The stage is set in Indianapolis for what should be an epic weekend. Last time the city hosted the final four, Gordon Hayward’s last second heave nearly capped off an unbelievable underdog run. Hopefully this year will produce a moment to rival that indelible miss.
#1 Wisconsin vs #1 Kentucky
Many so called “analysts” will tell you that three pointers are the key to taking down the Wildcats. This might even seem like an obvious answer due to Kentucky’s prowess in the paint, but it is simply not true. We all watched Notre Dame push Kentucky to the brink of elimination this past weekend, but they shot merely 28.5% from deep. LSU, who also nearly took down big blue, shot only 30% from downtown. When Texas A&M took Kentucky into double overtime they shot a horrid 13.3% from deep. Obviously draining threes will not hurt the Badgers, but saying that Wisconsin needs to catch fire from deep in order to take down the giants is incorrect. In order to beat Kentucky, Wisconsin will need to execute extremely efficiently from the first minute of the game until the end. I see this contest playing out very similarly to the 2008 national semifinal between Kansas and North Carolina. The Tyler Hansbrough led Tar Heels were the team to beat all season, but the Jayhawks came out prepared and were up 31-10 only ten minutes into the game. The lead would prove to be insurmountable for UNC. In order to beat Kentucky, Wisconsin needs to bring an energy and ferocity similar to that of the 2008 Jayhawks team right from the beginning. Teams do not make comebacks on Kentucky- in order to beat them you must stay ahead the whole game, as Notre Dame did until really the final seconds. We all know Kentucky’s strengths: they block a ton of shots (2nd most in division one during the regular season), they shoot a high percentage from the field (40th) and they rebound incredibly well (21st). However these are also the strengths of big man Frank Kaminsky, which makes him a kind of kryptonite for the Wildcats. This will be the hardest matchup for Kentucky’s bigs so far this season and I would not be surprised if they struggle. Another key is going to be the ability of Wisconsin’s bigs (Kaminsky, Nigel Hayes) to shoot the three. This will draw Karl-Anthony Towns, Willie-Cauley Stein and the other Kentucky bigs out of the paint so Wisconsin can attack off the dribble. If Sam Decker can continue his extremely hot play (he set new career highs in points in each of the last two contests), Frank Kaminsky plays like Frank Kaminsky, and the Badgers come out of the gates firing on all cylinders, Kentucky will be 38-1 after this weekend.

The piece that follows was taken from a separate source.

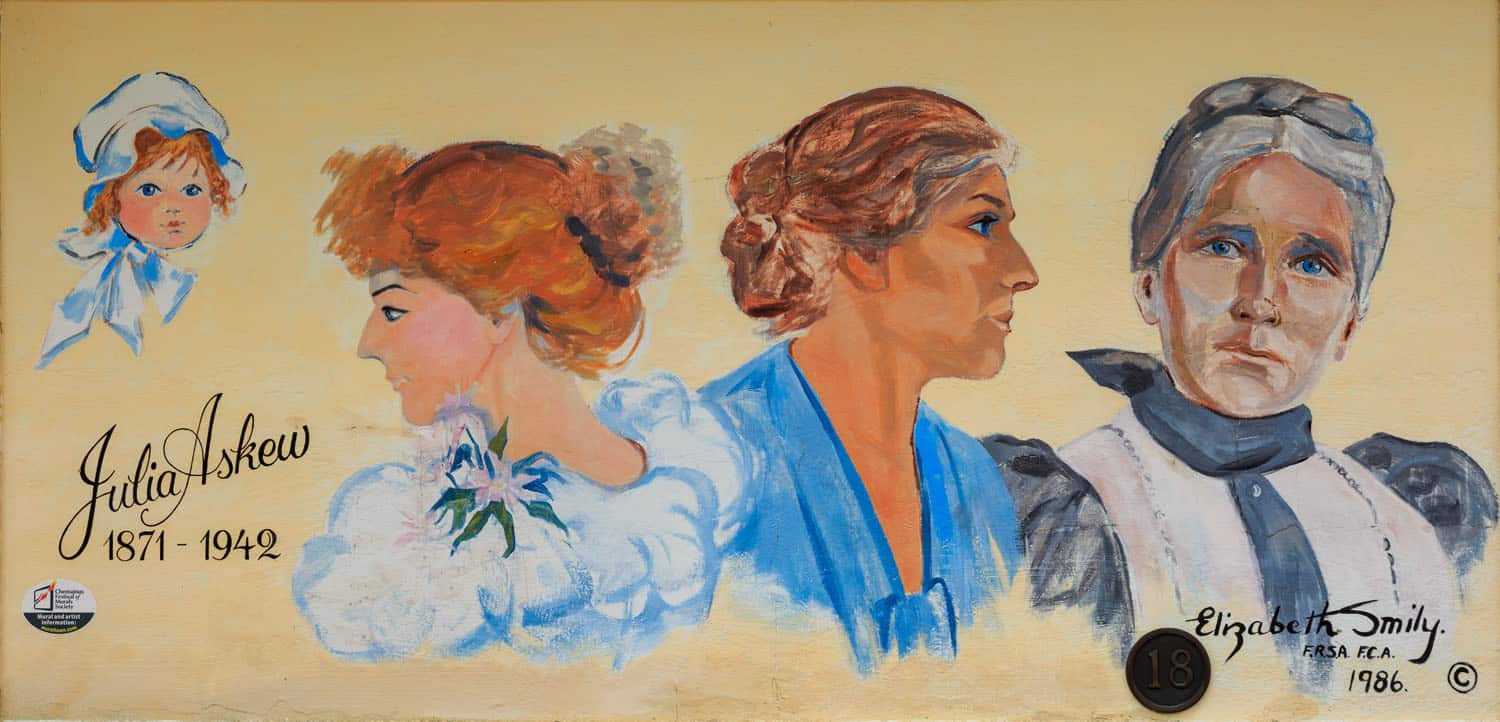 Portraits of women in historical attire.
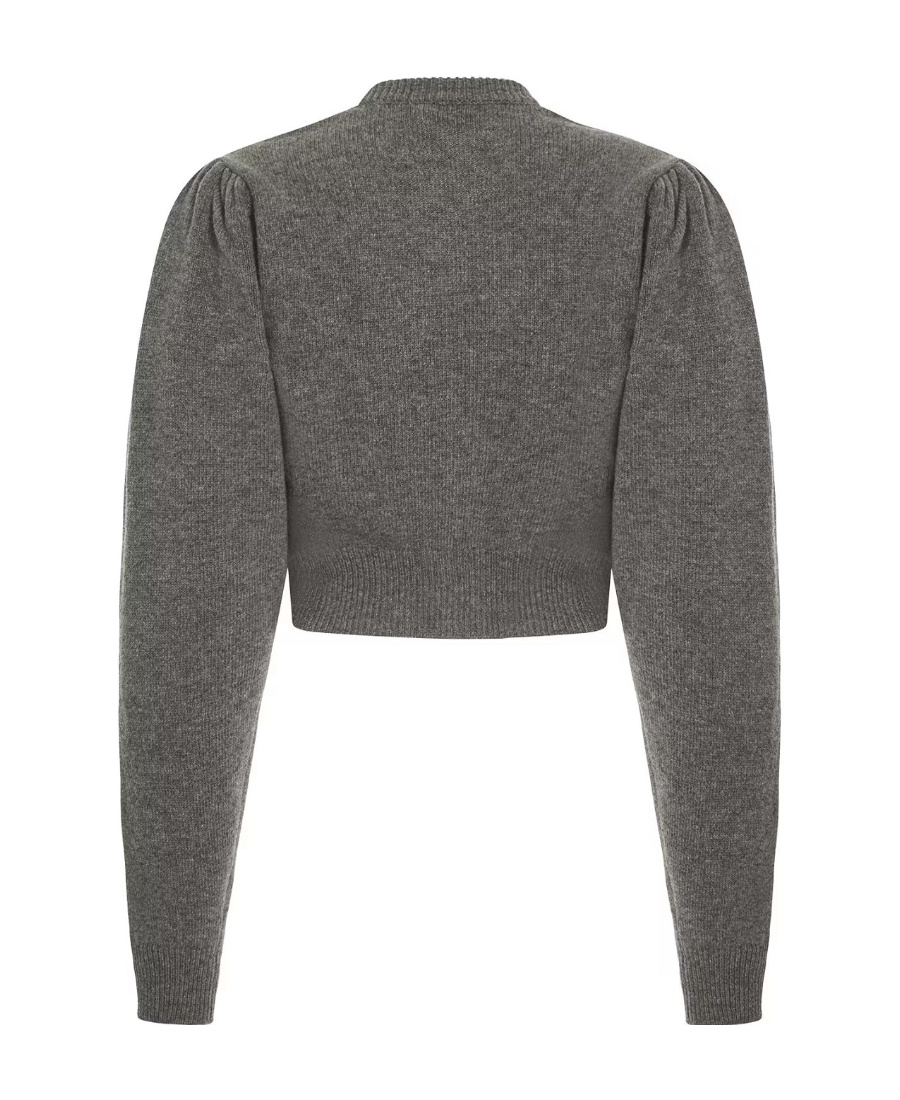 Alessandra Rich Grey Cardigan With 'diamond' Motif And Embroidered Rose Detail In Black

#1 Duke vs #7 Michigan State
Sorry Sparty, but the magic ends here. Justise Winslow has been a man on a mission for Duke through four tournament games, and I see no reason why his dominance will stop now. Match him up on Denzel Valentine, and one of Michigan State’s primary scorers will have a very tough time getting going. I also can not help but notice how effective really good big men have been against the Spartans this year. Kaminsky dropped 50 points against them in two meetings, Jahlil Okafor scored 17 on 8-10 shooting, and Montrezl had 16 points in their elite eight matchup, even though he did not assert himself enough in the second half. This does not inspire much confidence in me that Matt Costello, Brendan Dawson and Gavin Schilling will be able to handle Jahlil Okafor. Other than the stellar big man, the perimeter guys surrounding him have been playing outstandingly in the tournament. In fact Okafor was the lowest scoring starter for Duke on Sunday. Michigan State will have to pick their poison on Saturday; let Jahlil Okafor have his way in the post or send a double and hope that the rest of Duke’s starters lose their touch. The Blue Devils are simply too talented for me to see this game going any other way than sending Coach K on his way to yet another finals appearance.